E justamente por isso, segundo ela, essas famílias são alvo de campanhas de desqualificação, na tentativa de desacreditar, retaliar e até criminalizá-las. E há represálias, como a suspensão de visitas e de castigos aos detentos, além de ameaças.
As tentativas generalizadas de perseguir os denunciantes e inibir possíveis denúncias também são registradas pela Defensoria de São Paulo. “Muitas vezes, os familiares que estão na fila para entrar no presídio têm que passar por procedimento muito longo, de revista, de scanner. Esse processo em si já é péssimo, mas esses familiares são constantemente ameaçados de ‘gancho’, que é a impossibilidade de visitação”, disse Polachini.
O Mecanismo e a Defensoria Pública de São Paulo já receberam diversos relatos de violações contra familiares e detentos que fizeram alguma denúncia. “O clássico é a pessoa denunciar, chegar na visita seguinte e a unidade falar que a visita foi cancelada, que não tirou a senha, inventam justificativas para a pessoa não conseguir entrar e fazer a visita. Isso é recorrente em vários estados do Brasil”, disse Carolina Lemos.
Há ainda a deslegitimação de familiares em espaços públicos. “Por exemplo, se é uma pessoa que denuncia muito, ela vai sofrer o processo discriminatório dentro de órgãos, a recusa de que participe de reuniões. Até de pessoas expulsas de reuniões.”
Judiciário e Ministério público deveriam fiscalizar presídios, mas não o fazem
Familiar de um rapaz encarcerado no interior de São Paulo, Valéria* afirma que toda e qualquer denúncia feita por um preso só sairá da unidade se for por meio de um familiar, e ainda assim escondido. “Se depender de carta escrita por eles e destinada à Defensoria, jamais chegará ao seu destino pois os funcionários barram. Então os familiares são esse elo essencial”.

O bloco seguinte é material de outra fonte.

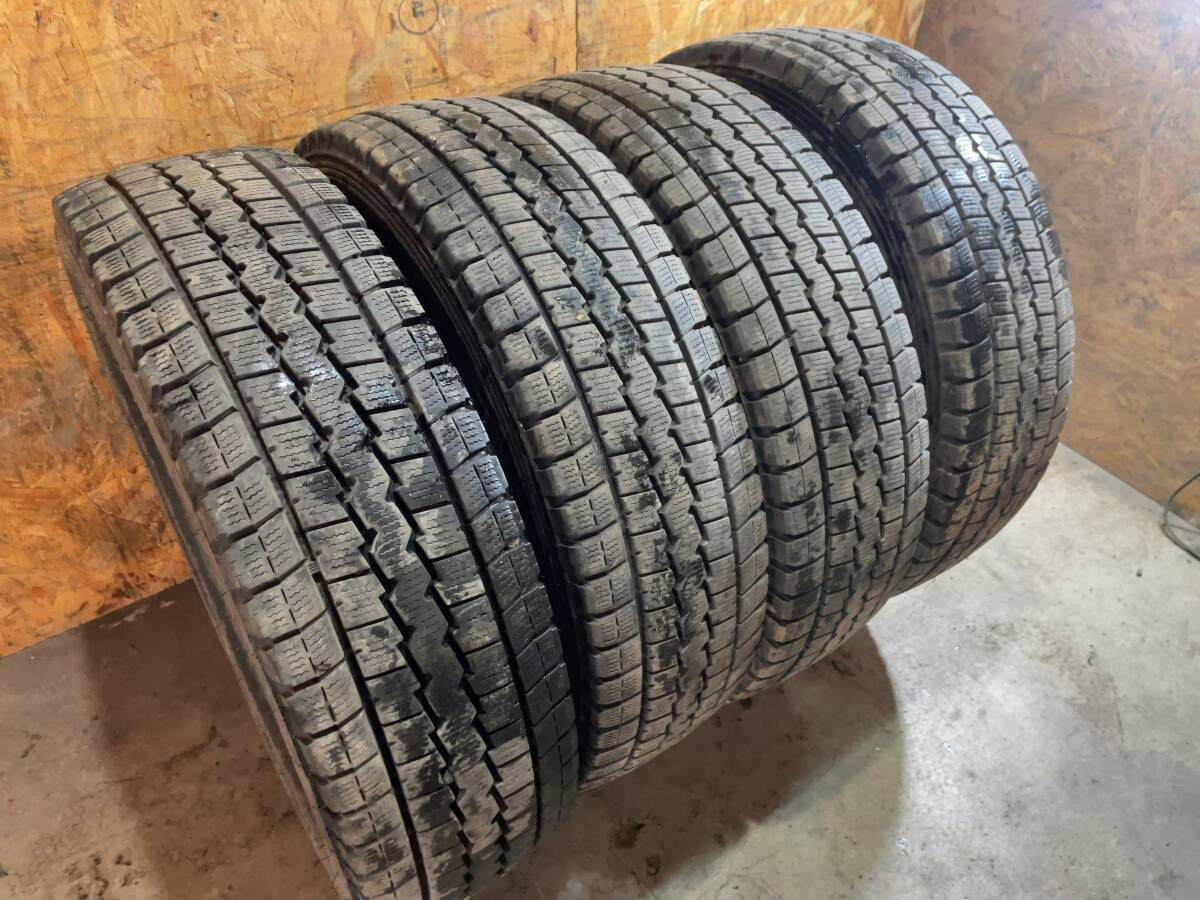 ☆美品☆205/70R17.5☆115/113LT☆19年☆ダンロップ☆WMLT03☆4本☆スタッドレス☆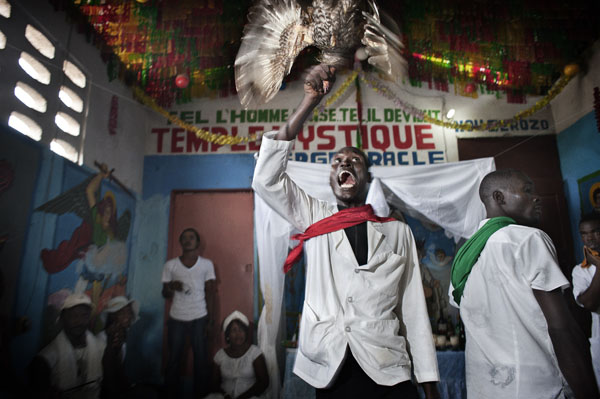 Photo de Paolo Marchetti, Visas de l'ANI 2013 (CC 2012), lauréat du Prix ANI-PixPalace 2013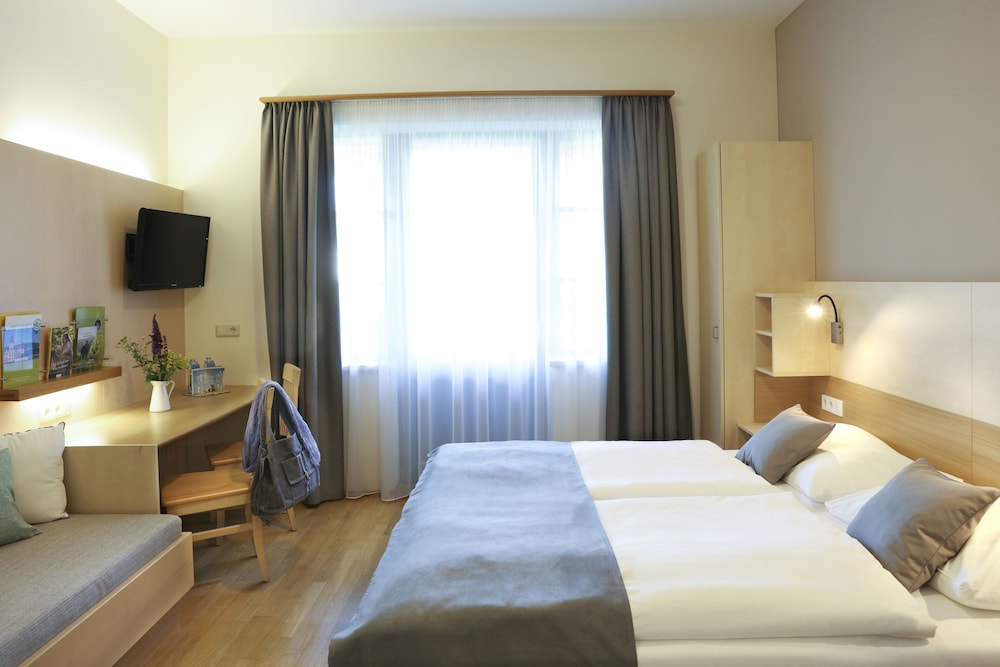 Basic Triple Room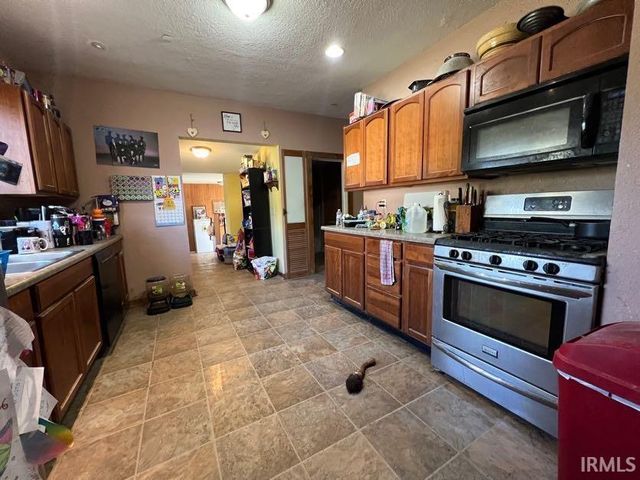 5909 N Lincoln Street, Uniondale, IN 46791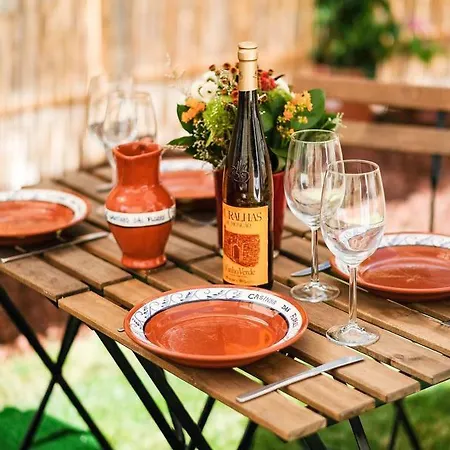 Flores 105 게스트하우스 리스본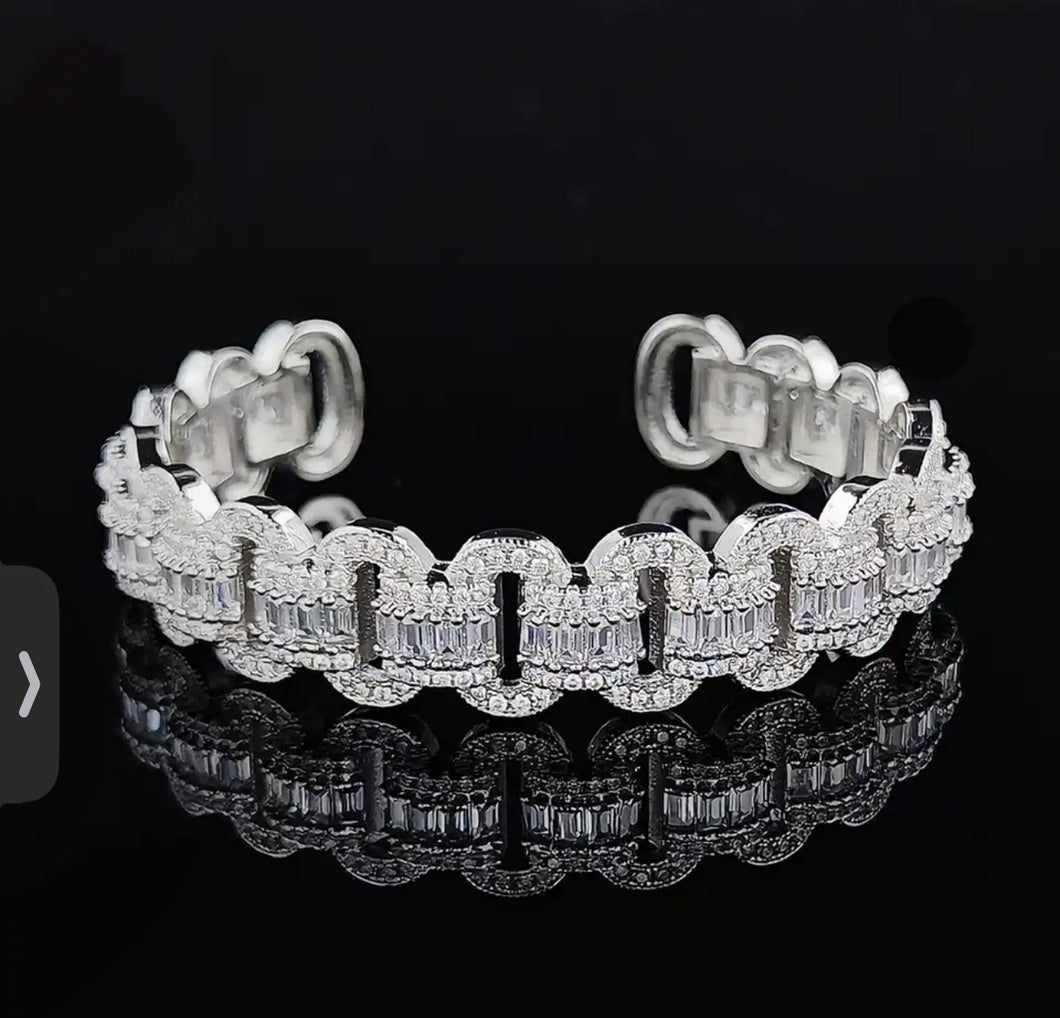 Oval Bracelet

Na sua avaliação, a Defensoria Pública é tudo que as famílias e custodiados têm. E mesmo assim, existe uma defasagem imensa de defensores, que são sobrecarregados e sucessivamente não conseguem fazer todo o necessário para o combate à tortura e crueldades no sistema carcerário.
Para o defensor Polachini, o Ministério Público e o Poder Judiciário deveriam realizar a fiscalização no sistema prisional, mas raramente ocorre uma inspeção completa, em que entram no presídio e falam com os presos. “Muitas vezes, esses presos são escolhidos pela própria direção, então, é uma observação muito enviesada”, disse.
“Seria muito importante os funcionários e diretores serem responsabilizados por seus atos, mas os próprios juízes não dão continuidade a denúncias de espancamentos, morte por falta de socorro, então, eles sabem que nada acontecerá a eles criminalmente e assim, a cada dia, o sistema carcerário está mais agressor, opressor e tem mais e mais óbitos”, avaliou.
Publicado originalmente no Brasil de Fato.